What you need to do:
From the entries that follow, pick out all lines holding "Silver".
***** Data records
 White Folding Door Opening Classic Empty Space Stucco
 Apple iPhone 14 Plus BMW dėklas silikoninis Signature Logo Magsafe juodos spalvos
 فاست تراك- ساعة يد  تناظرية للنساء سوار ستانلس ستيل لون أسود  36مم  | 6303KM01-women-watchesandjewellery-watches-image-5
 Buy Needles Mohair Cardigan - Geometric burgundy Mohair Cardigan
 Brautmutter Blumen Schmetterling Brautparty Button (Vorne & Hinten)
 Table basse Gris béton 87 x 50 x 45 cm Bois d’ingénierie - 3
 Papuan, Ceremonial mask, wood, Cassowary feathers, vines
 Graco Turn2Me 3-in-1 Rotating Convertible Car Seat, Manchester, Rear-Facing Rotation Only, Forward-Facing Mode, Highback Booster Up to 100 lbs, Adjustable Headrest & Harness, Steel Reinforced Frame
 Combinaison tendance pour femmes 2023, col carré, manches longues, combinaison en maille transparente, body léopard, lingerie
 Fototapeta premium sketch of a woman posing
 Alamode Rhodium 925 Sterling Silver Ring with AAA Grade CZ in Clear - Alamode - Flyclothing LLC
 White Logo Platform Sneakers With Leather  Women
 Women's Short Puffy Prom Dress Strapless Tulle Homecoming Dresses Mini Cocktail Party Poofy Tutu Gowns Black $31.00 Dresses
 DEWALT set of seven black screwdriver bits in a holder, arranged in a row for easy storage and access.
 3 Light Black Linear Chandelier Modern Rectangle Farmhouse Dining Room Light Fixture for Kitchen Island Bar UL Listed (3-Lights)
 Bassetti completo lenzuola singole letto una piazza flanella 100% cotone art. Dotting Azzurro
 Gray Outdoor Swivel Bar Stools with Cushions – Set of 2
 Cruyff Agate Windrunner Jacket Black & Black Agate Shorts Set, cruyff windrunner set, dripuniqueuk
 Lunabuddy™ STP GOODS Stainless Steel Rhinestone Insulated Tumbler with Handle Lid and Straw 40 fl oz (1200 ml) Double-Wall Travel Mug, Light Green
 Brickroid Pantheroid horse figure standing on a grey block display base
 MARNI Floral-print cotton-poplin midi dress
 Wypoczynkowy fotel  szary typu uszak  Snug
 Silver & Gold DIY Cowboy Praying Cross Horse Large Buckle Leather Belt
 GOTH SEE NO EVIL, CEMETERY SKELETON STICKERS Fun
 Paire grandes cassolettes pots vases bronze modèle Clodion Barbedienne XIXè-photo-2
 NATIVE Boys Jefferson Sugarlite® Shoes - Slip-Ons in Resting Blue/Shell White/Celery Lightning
**********
Finished task:
 Alamode Rhodium 925 Sterling Silver Ring with AAA Grade CZ in Clear - Alamode - Flyclothing LLC
 Silver & Gold DIY Cowboy Praying Cross Horse Large Buckle Leather Belt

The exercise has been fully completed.